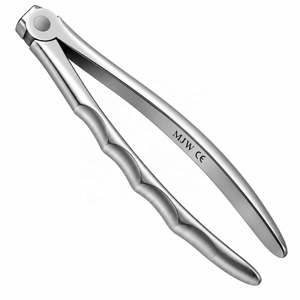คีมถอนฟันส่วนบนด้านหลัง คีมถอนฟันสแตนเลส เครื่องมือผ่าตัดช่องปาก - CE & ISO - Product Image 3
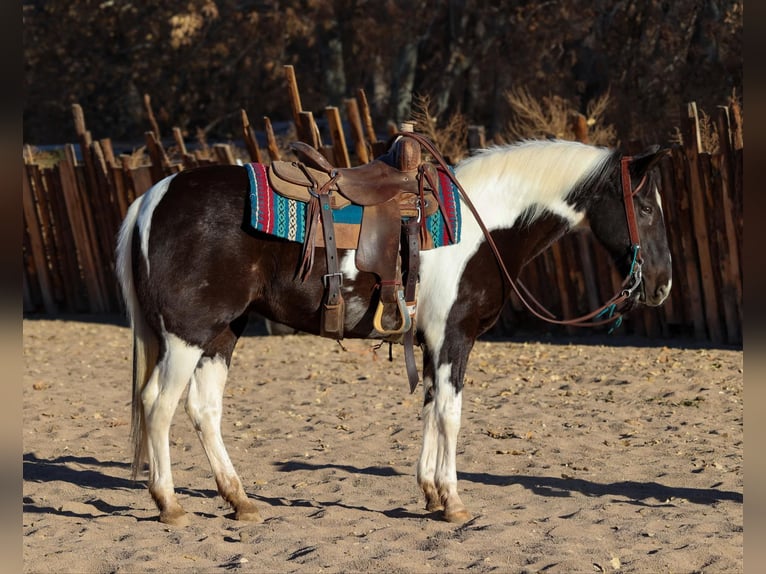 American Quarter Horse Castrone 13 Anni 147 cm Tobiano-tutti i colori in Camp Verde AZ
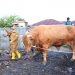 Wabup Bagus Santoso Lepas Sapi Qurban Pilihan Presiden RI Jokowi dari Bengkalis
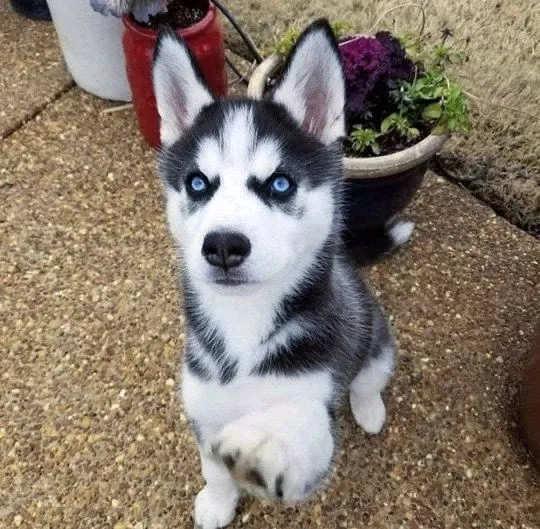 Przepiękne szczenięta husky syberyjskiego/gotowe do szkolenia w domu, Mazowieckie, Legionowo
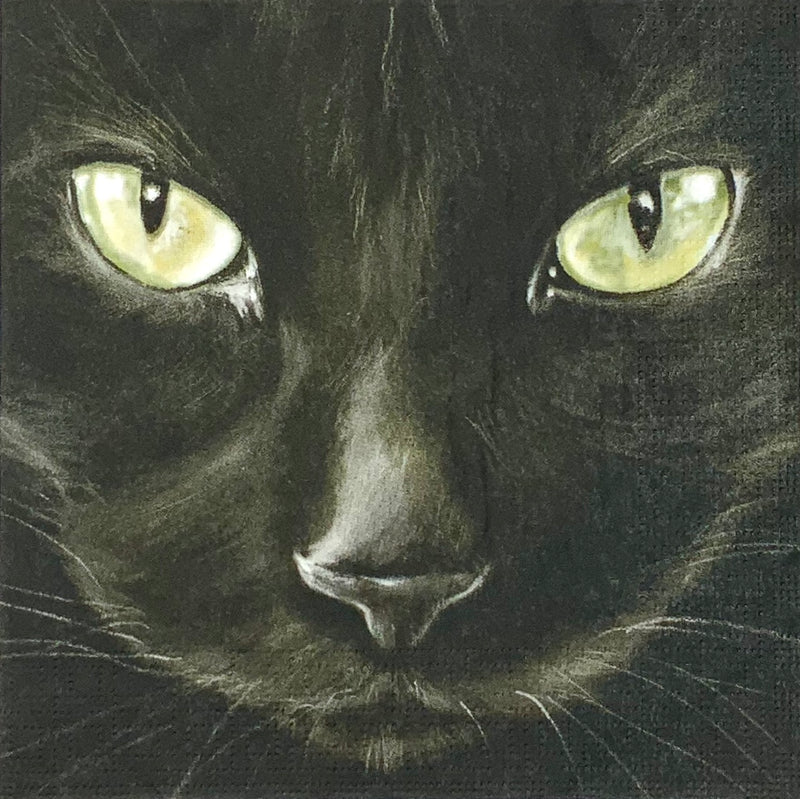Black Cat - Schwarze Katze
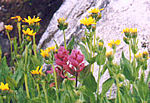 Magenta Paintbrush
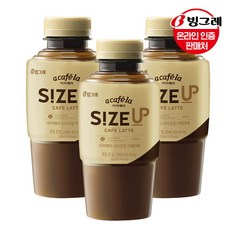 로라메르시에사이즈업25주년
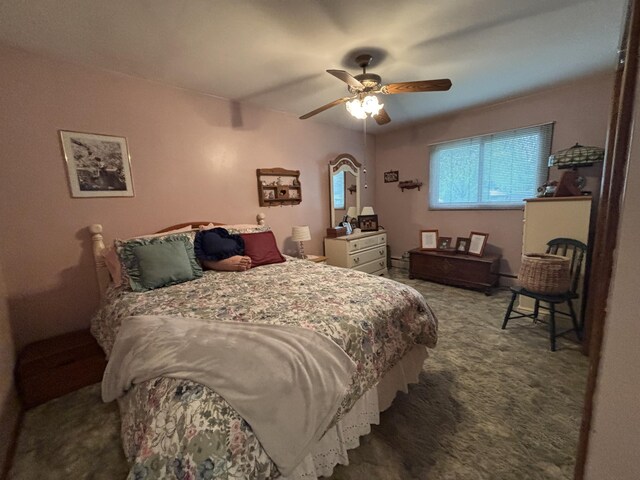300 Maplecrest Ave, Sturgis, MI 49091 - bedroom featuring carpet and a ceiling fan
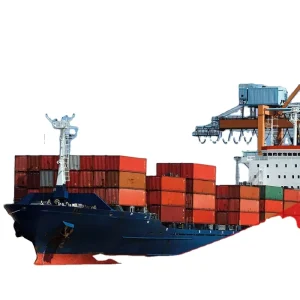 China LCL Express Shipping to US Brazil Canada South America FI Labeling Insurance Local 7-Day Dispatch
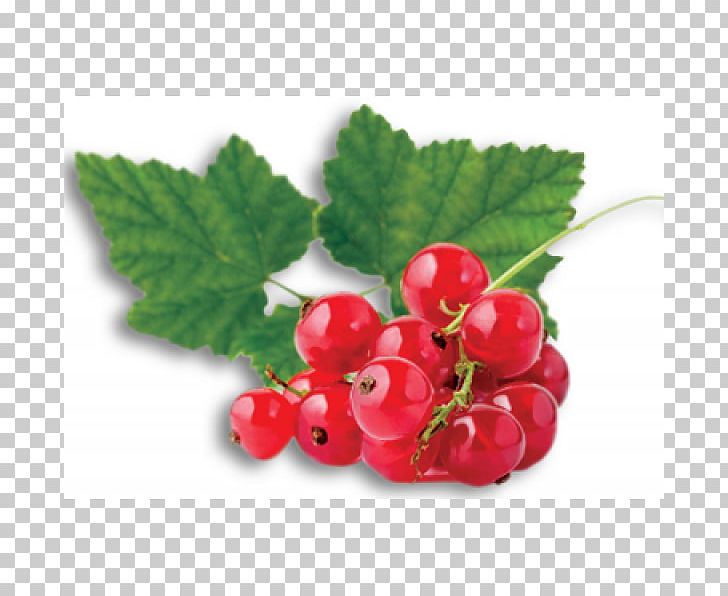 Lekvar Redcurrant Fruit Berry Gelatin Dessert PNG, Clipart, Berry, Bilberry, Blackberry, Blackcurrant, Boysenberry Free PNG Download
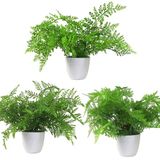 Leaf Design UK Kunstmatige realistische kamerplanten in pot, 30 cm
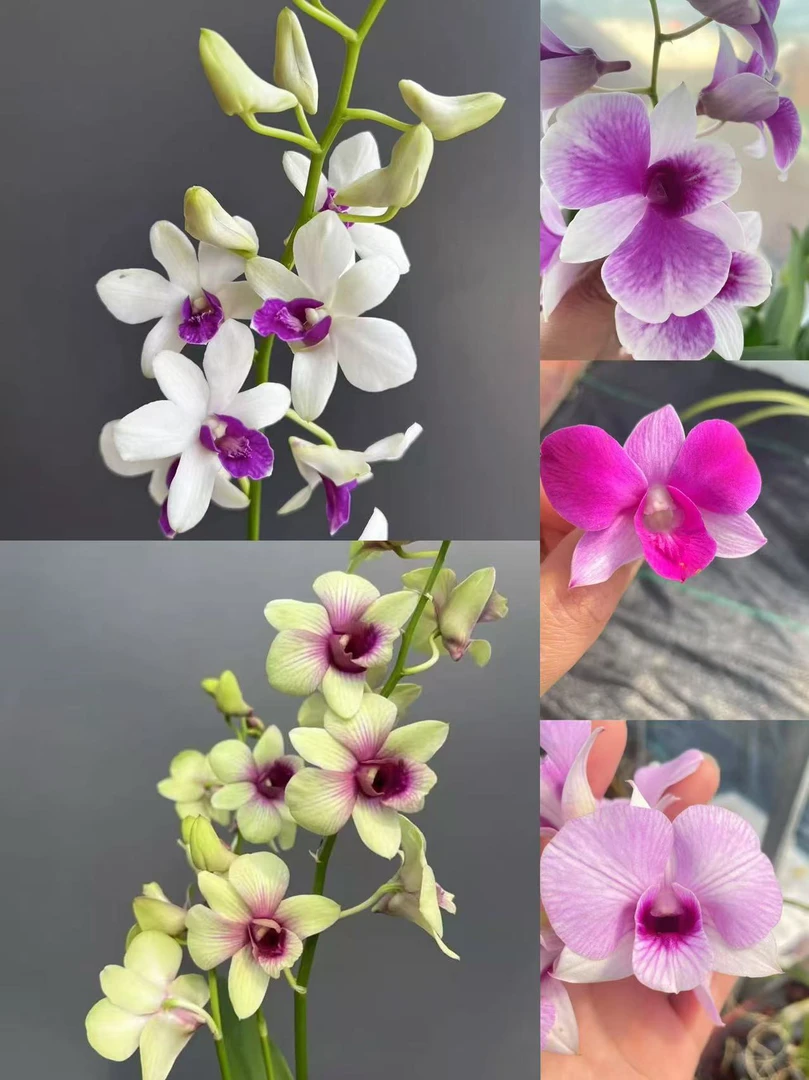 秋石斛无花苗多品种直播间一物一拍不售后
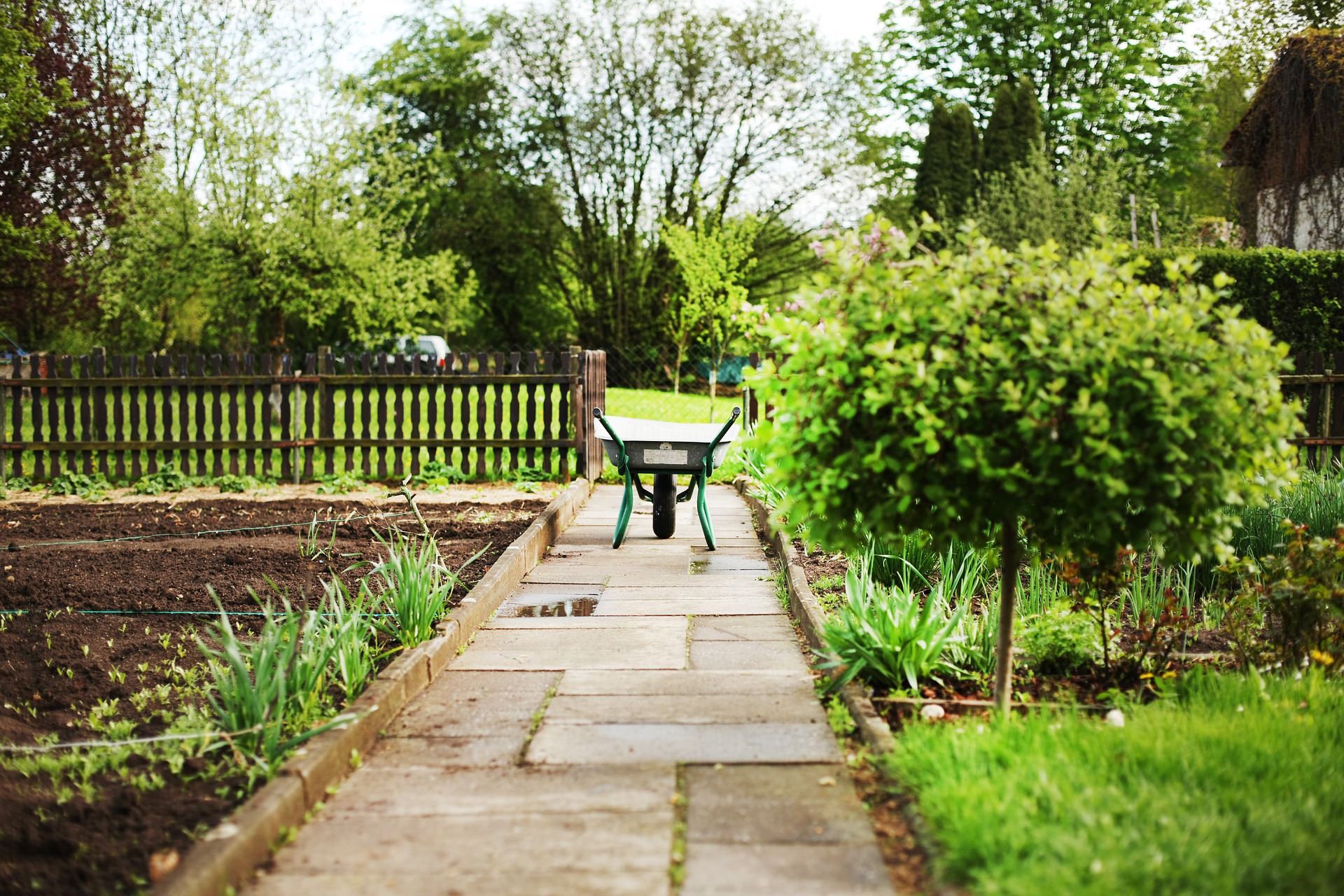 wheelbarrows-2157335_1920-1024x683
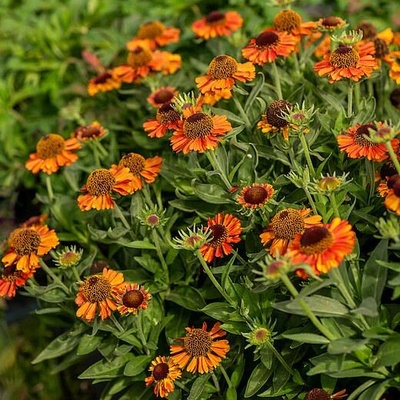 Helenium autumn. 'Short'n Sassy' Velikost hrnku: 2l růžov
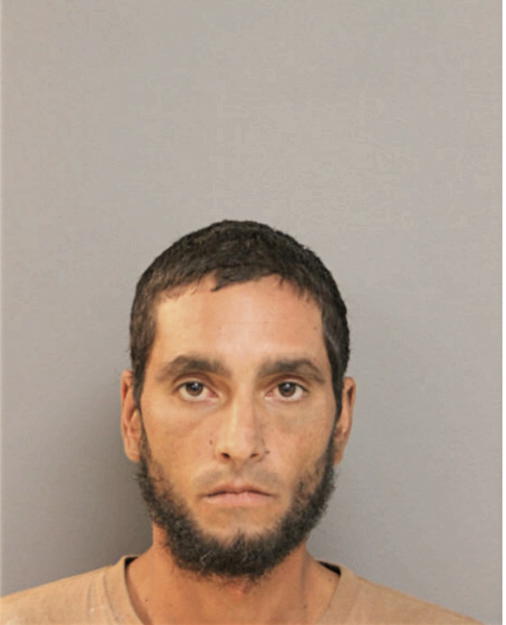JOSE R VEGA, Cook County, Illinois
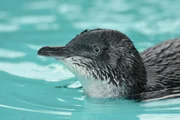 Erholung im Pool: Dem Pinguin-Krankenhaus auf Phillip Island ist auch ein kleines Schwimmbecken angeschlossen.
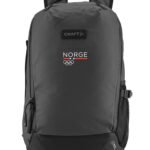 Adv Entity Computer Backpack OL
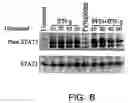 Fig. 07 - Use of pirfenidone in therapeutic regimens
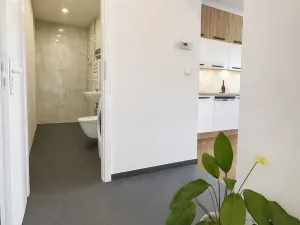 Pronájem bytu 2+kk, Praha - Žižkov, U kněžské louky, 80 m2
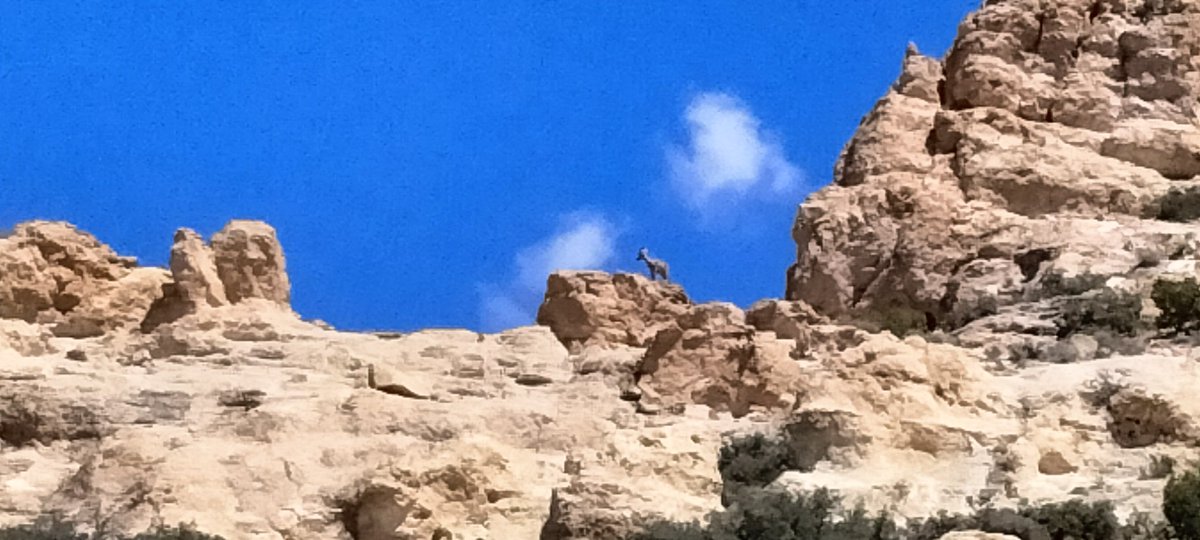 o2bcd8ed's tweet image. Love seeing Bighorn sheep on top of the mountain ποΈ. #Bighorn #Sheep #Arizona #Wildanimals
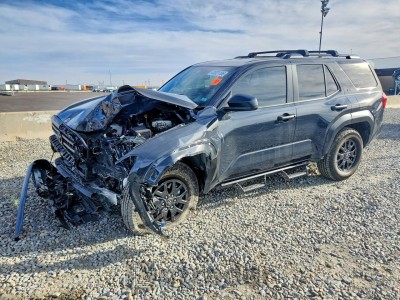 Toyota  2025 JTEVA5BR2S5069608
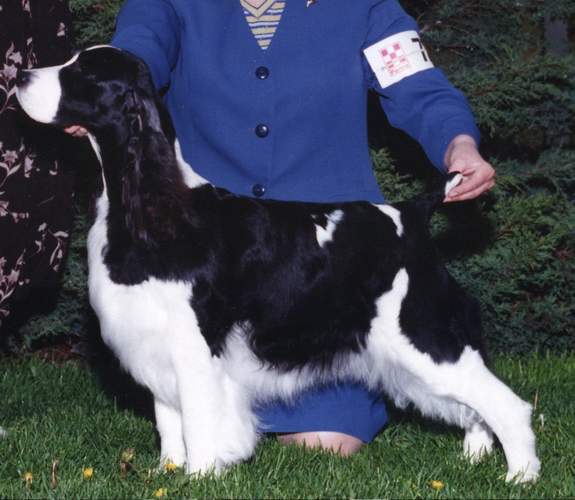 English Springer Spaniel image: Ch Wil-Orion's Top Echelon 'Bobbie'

++++++++++

**WORK ORDER:**
An exact copy of the data is required, with the pictures excluded.

**ANSWER BELOW:**
คีมถอนฟันส่วนบนด้านหลัง คีมถอนฟันสแตนเลส เครื่องมือผ่าตัดช่องปาก - CE & ISO - Product Image 3
 American Quarter Horse Castrone 13 Anni 147 cm Tobiano-tutti i colori in Camp Verde AZ
 Wabup Bagus Santoso Lepas Sapi Qurban Pilihan Presiden RI Jokowi dari Bengkalis
 Przepiękne szczenięta husky syberyjskiego/gotowe do szkolenia w domu, Mazowieckie, Legionowo
Black Cat - Schwarze Katze
 Magenta Paintbrush
 로라메르시에사이즈업25주년
300 Maplecrest Ave, Sturgis, MI 49091 - bedroom featuring carpet and a ceiling fan
 China LCL Express Shipping to US Brazil Canada South America FI Labeling Insurance Local 7-Day Dispatch
 Lekvar Redcurrant Fruit Berry Gelatin Dessert PNG, Clipart, Berry, Bilberry, Blackberry, Blackcurrant, Boysenberry Free PNG Download
 Leaf Design UK Kunstmatige realistische kamerplanten in pot, 30 cm
 秋石斛无花苗多品种直播间一物一拍不售后
 wheelbarrows-2157335_1920-1024x683
 Helenium autumn. 'Short'n Sassy' Velikost hrnku: 2l růžov
JOSE R VEGA, Cook County, Illinois
 Erholung im Pool: Dem Pinguin-Krankenhaus auf Phillip Island ist auch ein kleines Schwimmbecken angeschlossen.
 Adv Entity Computer Backpack OL
 Fig. 07 - Use of pirfenidone in therapeutic regimens
 Pronájem bytu 2+kk, Praha - Žižkov, U kněžské louky, 80 m2
 o2bcd8ed's tweet image. Love seeing Bighorn sheep on top of the mountain ποΈ. #Bighorn #Sheep #Arizona #Wildanimals
 Toyota  2025 JTEVA5BR2S5069608
 English Springer Spaniel image: Ch Wil-Orion's Top Echelon 'Bobbie'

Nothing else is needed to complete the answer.